---------- Material for this exercise ----------
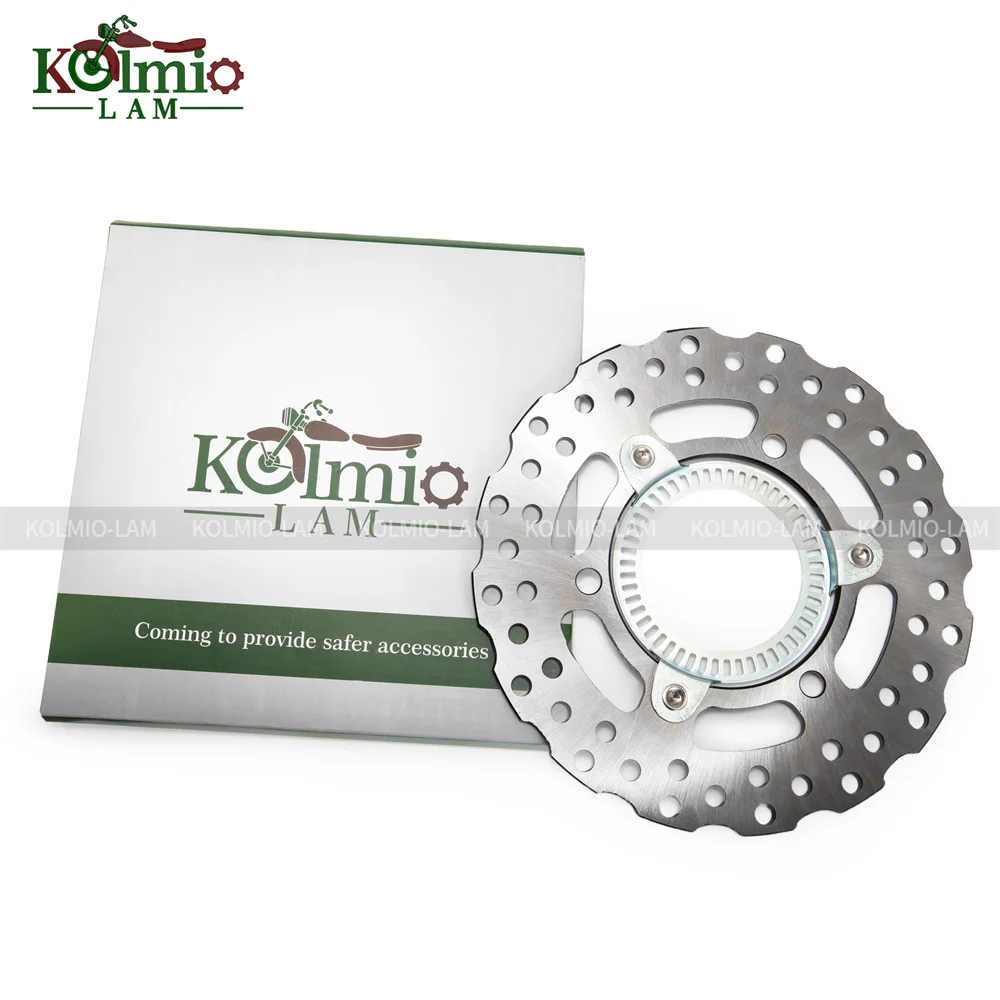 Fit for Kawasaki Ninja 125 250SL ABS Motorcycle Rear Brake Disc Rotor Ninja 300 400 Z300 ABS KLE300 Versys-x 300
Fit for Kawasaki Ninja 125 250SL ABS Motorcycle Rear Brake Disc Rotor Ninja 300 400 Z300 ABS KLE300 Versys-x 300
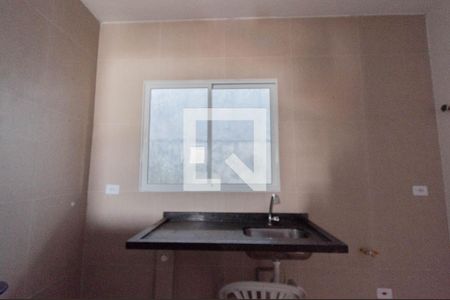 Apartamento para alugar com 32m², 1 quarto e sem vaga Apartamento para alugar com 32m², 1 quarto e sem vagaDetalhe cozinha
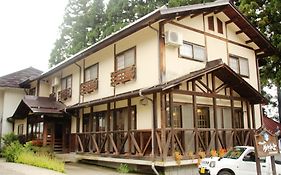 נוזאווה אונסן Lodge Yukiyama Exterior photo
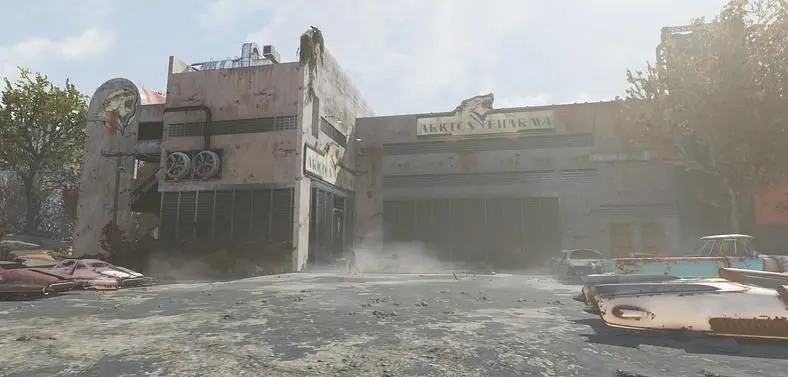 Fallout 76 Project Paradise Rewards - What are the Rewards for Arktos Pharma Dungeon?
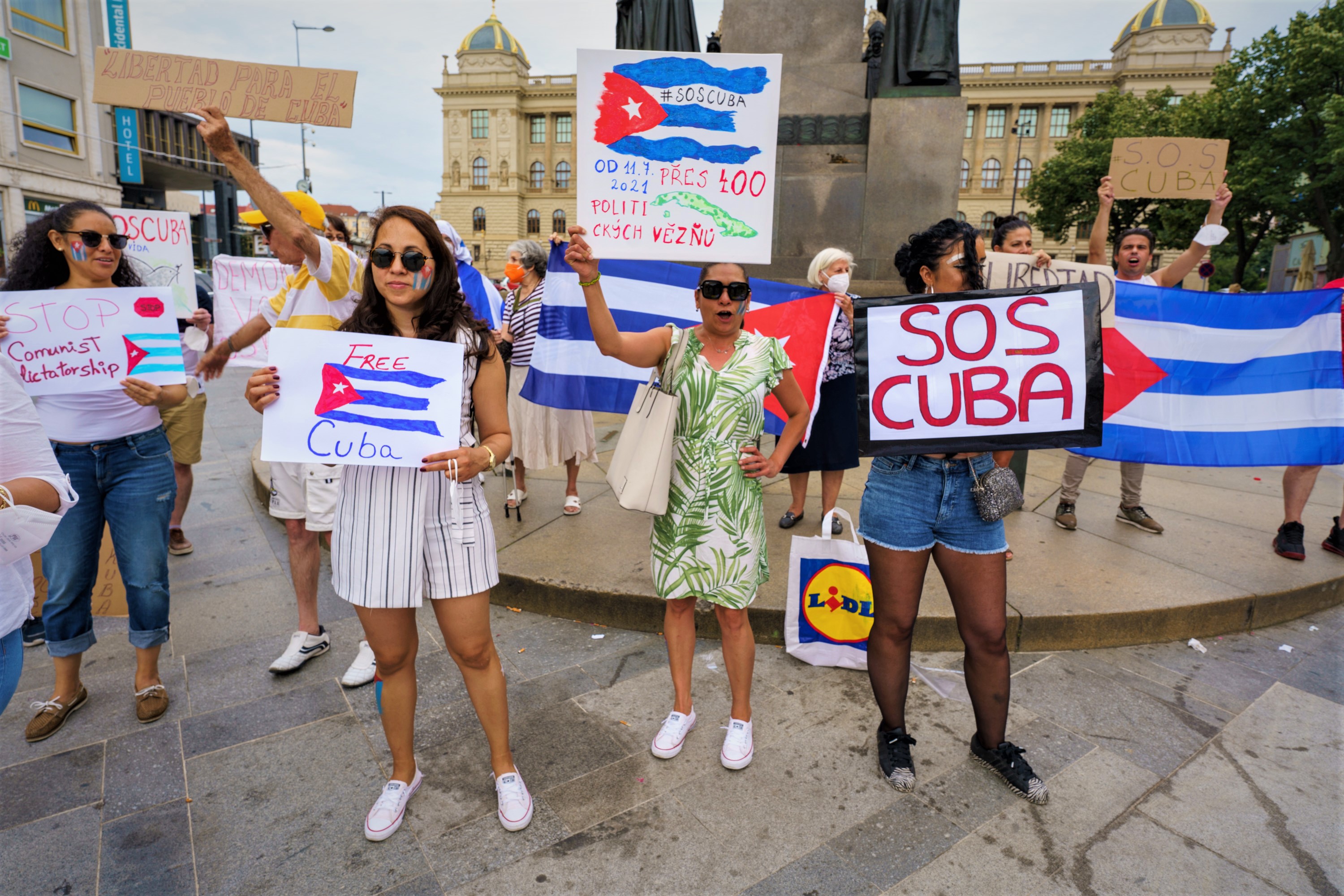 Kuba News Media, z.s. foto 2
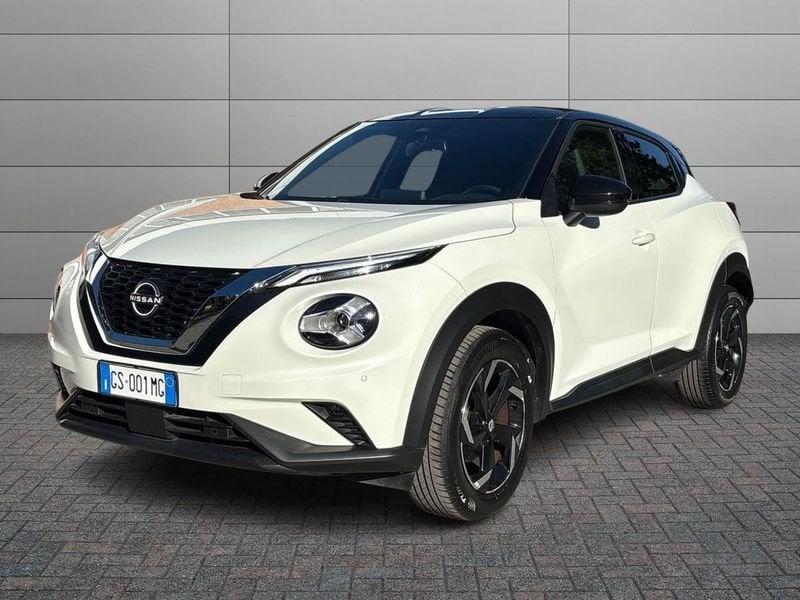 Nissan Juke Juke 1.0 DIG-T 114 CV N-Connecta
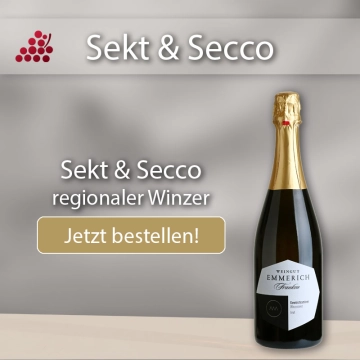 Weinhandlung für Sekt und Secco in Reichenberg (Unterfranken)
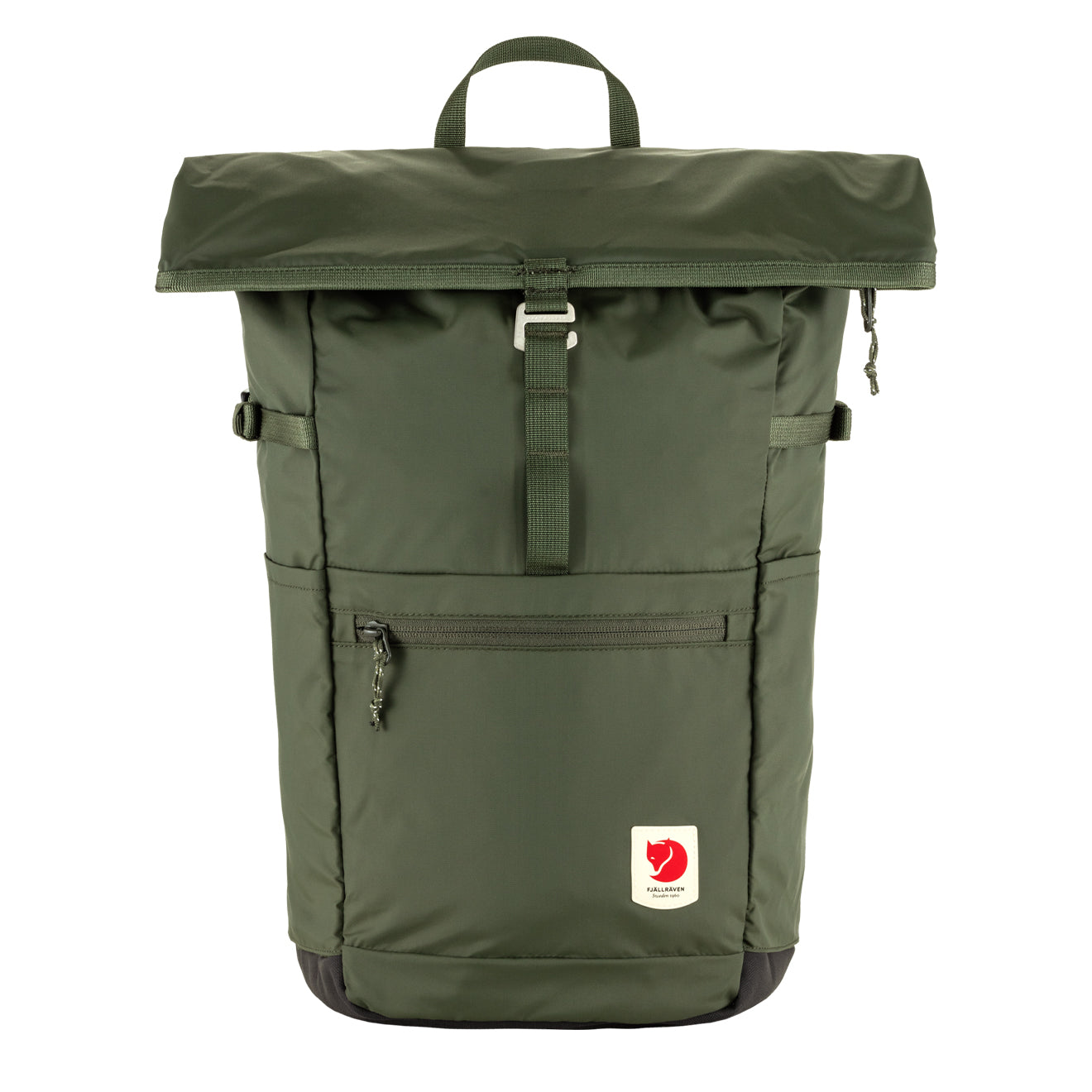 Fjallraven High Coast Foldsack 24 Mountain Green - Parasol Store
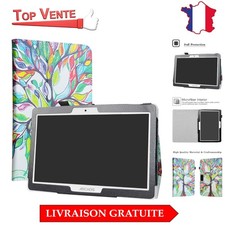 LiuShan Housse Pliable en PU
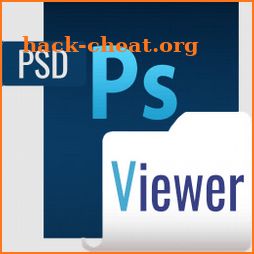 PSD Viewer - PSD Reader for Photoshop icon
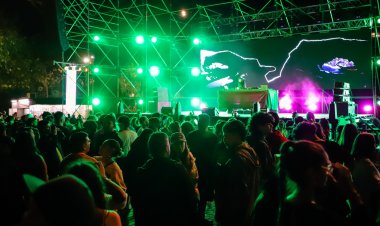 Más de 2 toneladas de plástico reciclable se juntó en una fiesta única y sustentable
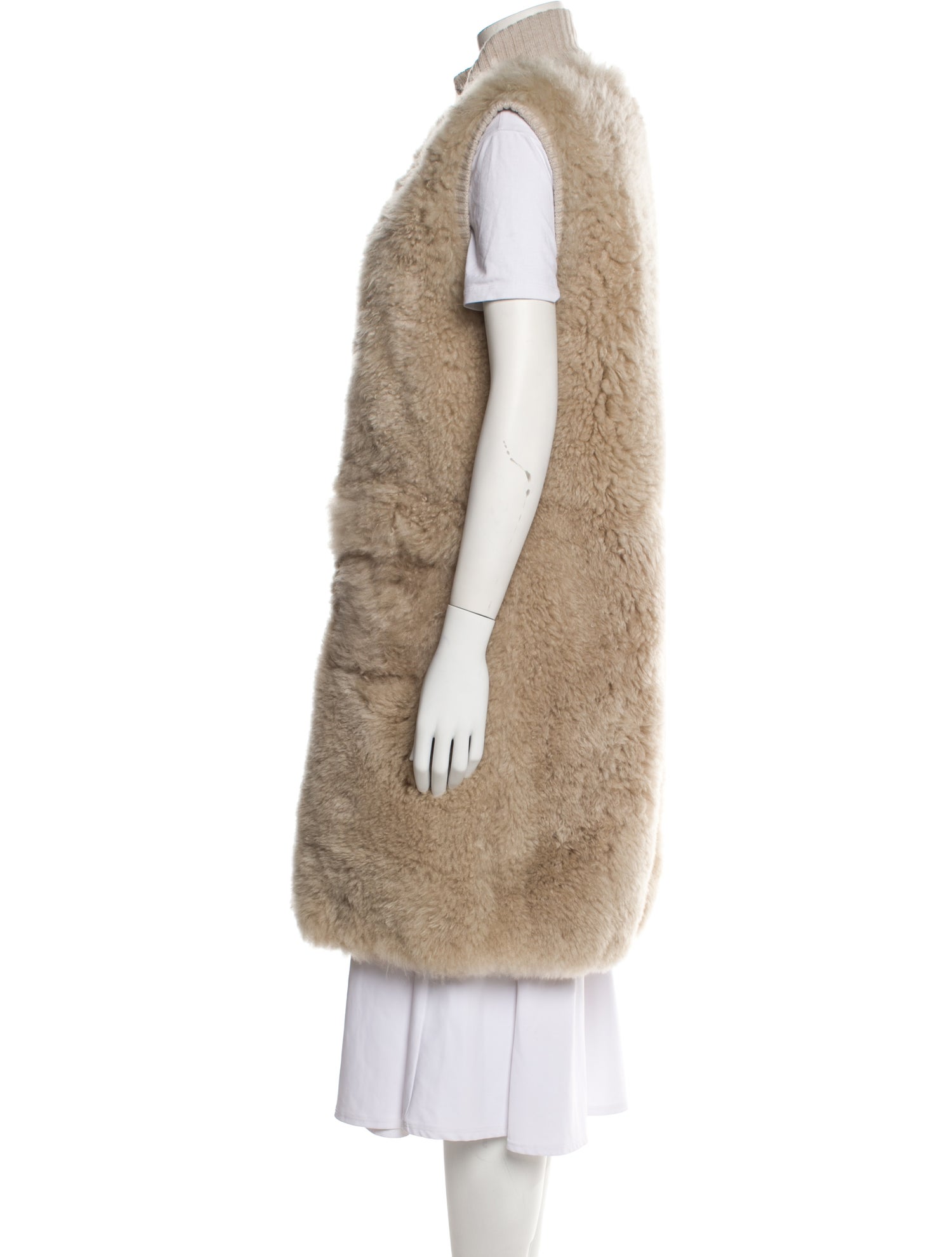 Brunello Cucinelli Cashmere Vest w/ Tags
----------
- [What to produce] Exactly as they appear above, write out all the entries, but not the images.

- [Output below]
 Fit for Kawasaki Ninja 125 250SL ABS Motorcycle Rear Brake Disc Rotor Ninja 300 400 Z300 ABS KLE300 Versys-x 300
Fit for Kawasaki Ninja 125 250SL ABS Motorcycle Rear Brake Disc Rotor Ninja 300 400 Z300 ABS KLE300 Versys-x 300
 Apartamento para alugar com 32m², 1 quarto e sem vaga Apartamento para alugar com 32m², 1 quarto e sem vagaDetalhe cozinha
 נוזאווה אונסן Lodge Yukiyama Exterior photo
 Fallout 76 Project Paradise Rewards - What are the Rewards for Arktos Pharma Dungeon?
 Kuba News Media, z.s. foto 2
 Nissan Juke Juke 1.0 DIG-T 114 CV N-Connecta
 Weinhandlung für Sekt und Secco in Reichenberg (Unterfranken)
 Fjallraven High Coast Foldsack 24 Mountain Green - Parasol Store
 LiuShan Housse Pliable en PU
 PSD Viewer - PSD Reader for Photoshop icon
 Más de 2 toneladas de plástico reciclable se juntó en una fiesta única y sustentable
 Brunello Cucinelli Cashmere Vest w/ Tags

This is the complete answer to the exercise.